It may well be that Yooka-Laylee sucked a lot of the funding out of projects like these. Or maybe it's just been a year of too many high-profile Kickstarters (Bloodstained & Shenmue 3 as well).

One final thing I'd note is - all of these devs appear to think they're going to have their biggest console successes on WiiU. Maybe that's correct, but it didn't save Poi & FreezeMe. I wonder if there's any research out there that shows where 3D platform fans moved to after N64. Personally, I grew up on 3D platformers on PlayStation - so playing up the Rare connection has no emotional attachment for me, but it's a genre I'm still very interested in. No developers seem interested in appealing to gamers like me though, which is a massive shame.

And I'm not saying being on PS4 is going to be an automatic success. GRIP (Rollcage spiritual successor) recently failed a campaign on PC/PS4, presumably thinking that those PS1 gamers moved on to PS4.



RolStoppable said:

There's no consistency to it? Play up nostalgia and have guys who worked on those old games on board. That garners sympathy.


Those two criteria apply to 1 of 5 successes.  The "play up nostalgia" applies to 4 of 5 successes and 2 of 2 failures.  Seems inconsistent to me.

I think your second paragraph has better reasoning.

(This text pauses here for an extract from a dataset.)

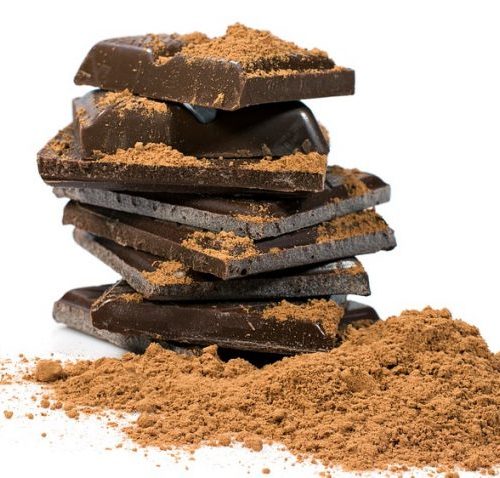 stacked chocolate chunks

Competition and raised standards have made it a lot harder to succeed. Only the most insane, die-hard fans will support new 3D platformers for the sake of it; the rest will pick the best looking ones and avoid the others.
Looking through all of these games I'm far from surprised that FreezeMe and Poi failed, and that Spooky Poo barely made it. They're simply not good enough, especially when compared to A Hat in Time and Yooka-Leylee. If Lobodestroyo had been announced this year I'm sure it would have failed as well, or at best reached the goal at the last second.